# EXERCISE INSTRUCTIONS
For the string "Business", state how many lines of the data hold it. Give nothing besides the number.

[Brief descriptive captions]
━━━━━━━━━━━━━━━━━━━━

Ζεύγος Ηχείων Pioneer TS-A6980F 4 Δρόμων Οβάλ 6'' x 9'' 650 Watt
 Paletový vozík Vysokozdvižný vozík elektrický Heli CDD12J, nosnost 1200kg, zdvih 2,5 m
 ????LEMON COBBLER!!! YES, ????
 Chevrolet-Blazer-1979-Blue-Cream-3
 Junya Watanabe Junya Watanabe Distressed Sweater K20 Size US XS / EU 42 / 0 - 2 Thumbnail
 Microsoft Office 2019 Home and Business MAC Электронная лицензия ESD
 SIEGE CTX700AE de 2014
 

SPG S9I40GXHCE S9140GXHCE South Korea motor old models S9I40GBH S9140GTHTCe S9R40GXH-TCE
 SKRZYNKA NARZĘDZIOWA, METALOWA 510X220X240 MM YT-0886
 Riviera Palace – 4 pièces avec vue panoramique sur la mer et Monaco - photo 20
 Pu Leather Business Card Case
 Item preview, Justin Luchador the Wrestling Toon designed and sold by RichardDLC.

━━━━━━━━━━━━━━━━━━━━

# TASK ANSWER
2